How to Orchestrate Amazon EMR Serverless Jobs using AWS Step Functions

Alex Gelman
CyberArk Engineering
7 min readJun 21, 2023

Amazon EMR Serverless is a relatively new service that simplifies the execution of Hadoop or Spark jobs without requiring the user to manually manage cluster scaling, security, or optimizations. When we’re creating a data pipeline, we may need to run several jobs one after another, or perform some other actions once the job is complete. There are a number of options to orchestrate such a workflow, with AWS Step Functions being one of the easiest for those using AWS managed services.

However, AWS Step Functions lacks a native mechanism to pause the workflow execution until the EMR Serverless job finishes. I’m going to show how you can solve this by implementing a polling mechanism using Step Functions’ built-in states that waits for a job to finish before continuing the workflow execution. I will also show how to create a reusable block that can be reused for multiple jobs and pipelines using AWS CDK.

Photo by Zach Reiner on Unsplash

What are AWS Step Functions?

AWS Step Functions is a service that allows us to orchestrate complex data pipelines and workflows. It has built-in integration with many AWS services and supports conditions, error handling, and retries. It enables us to coordinate tasks such as data transformation, analysis, and storage, providing a visual workflow to track progress.
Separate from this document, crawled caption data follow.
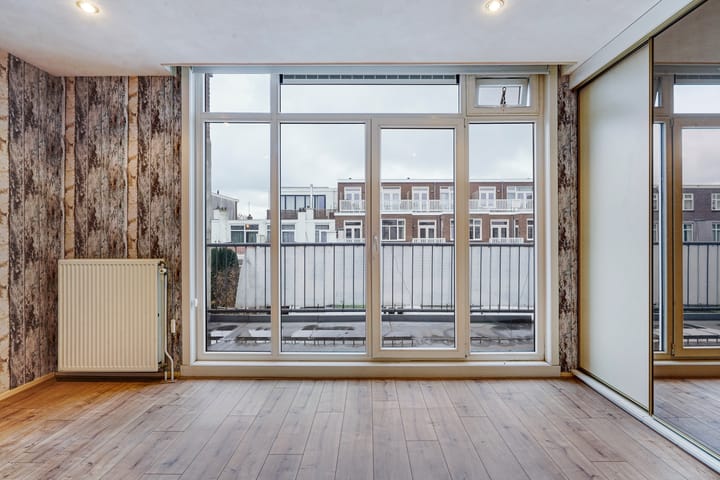 Foto 34 van Esdoornstraat 164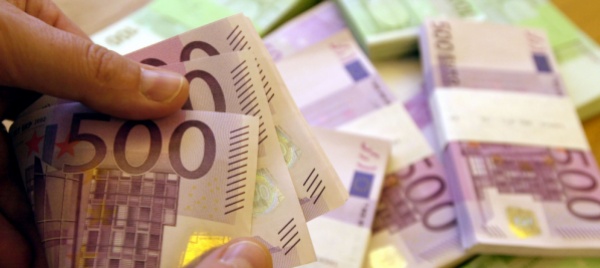 manda-al-macero-una-fotocopiatrice-assieme-a-un-milione-di-euro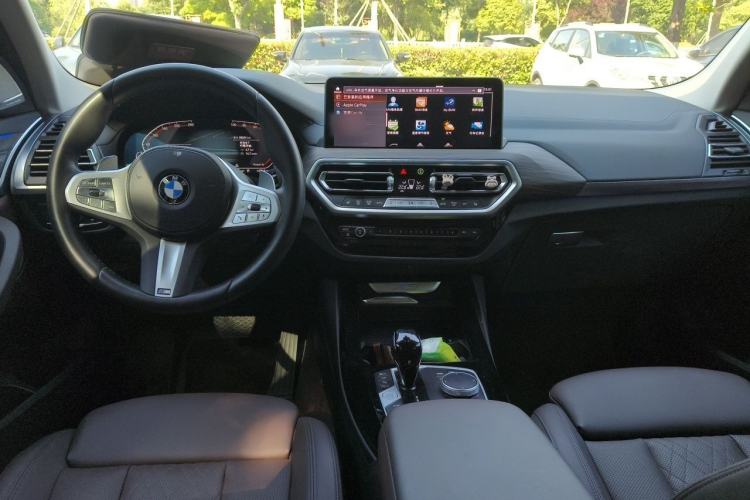Used BMW X3 2023 xDrive30i Luxury Edition M Night Sky Package Center Console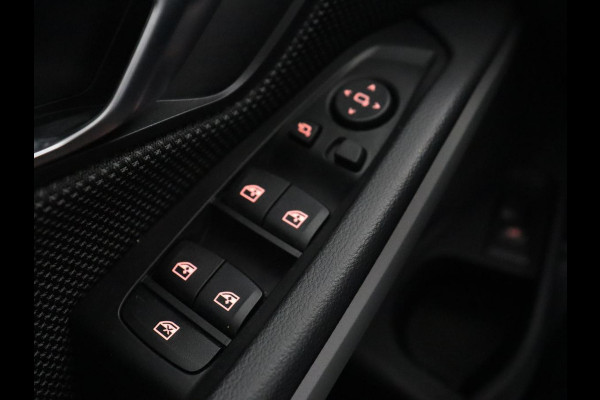 BMW 3 Serie 318i Business Edition | Stoelverwarming | Camera | Live Cockpit | Carplay | Navigatie | Full LED | Parkeerhulp | Climate control | Bluetooth | Cruise control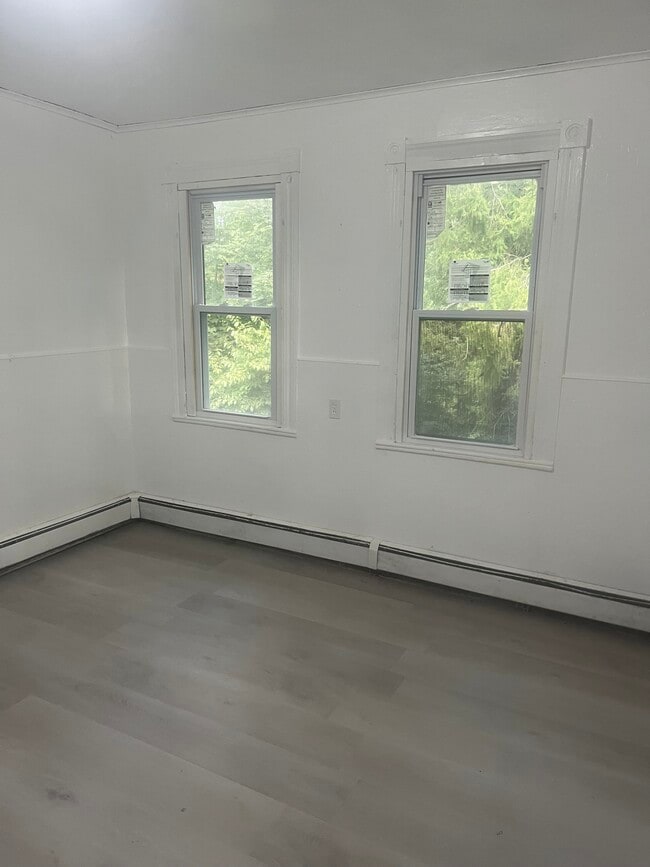 Building Photo - 206 Welles St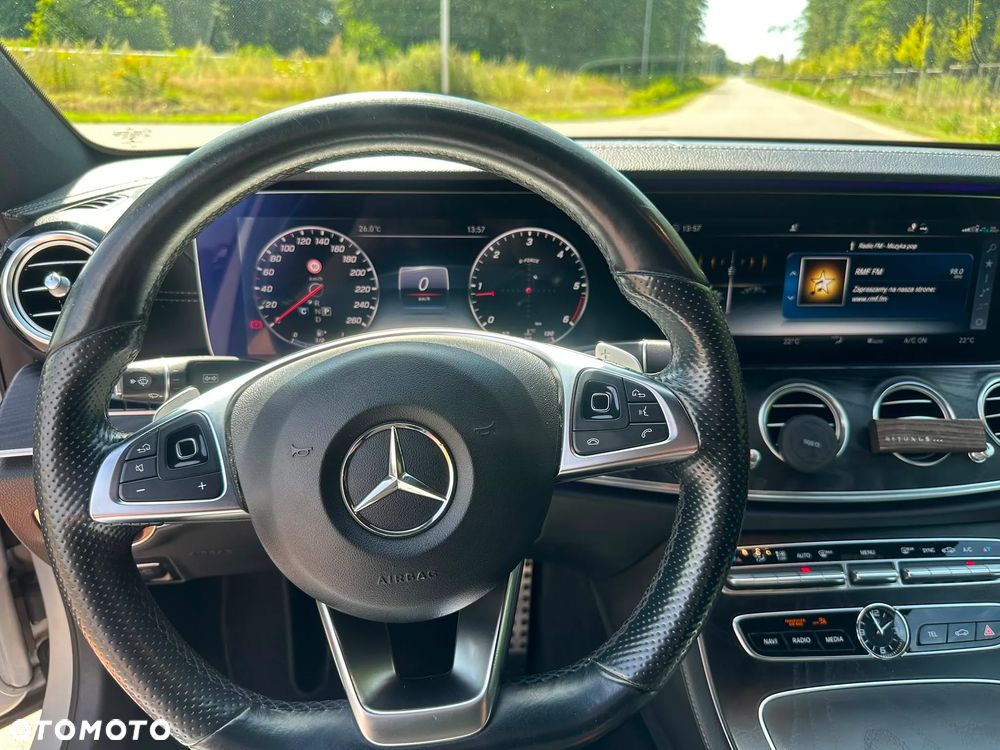 Mercedes-Benz Klasa E - 13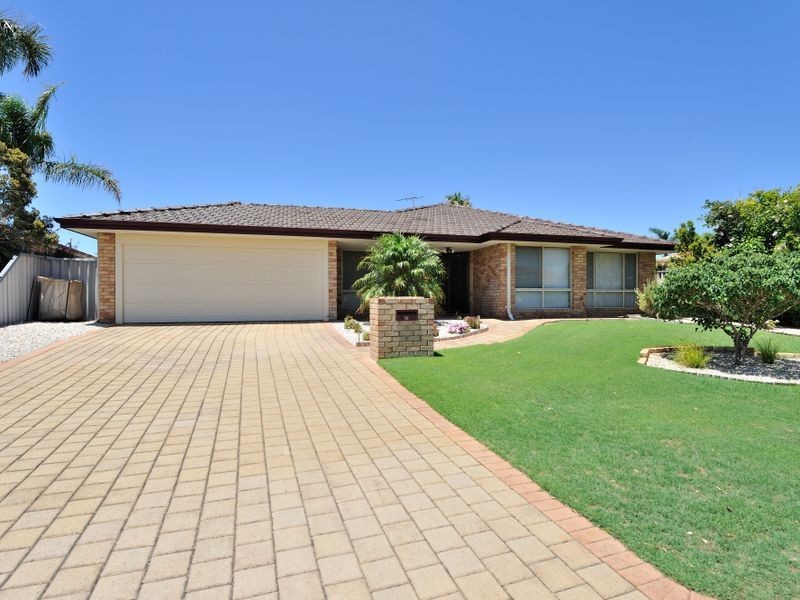 16 Balleroy Place, Port Kennedy WA 6172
AWS Step Functions support starting an EMR Serverless job. However, there is no built-in support for waiting for the job to complete before moving to the next step in the workflow.

If we want to wait for the job to finish before continuing to the next step in the workflow or handling job failure, we need to implement a polling mechanism to check the job status and continue the workflow only when the job finishes.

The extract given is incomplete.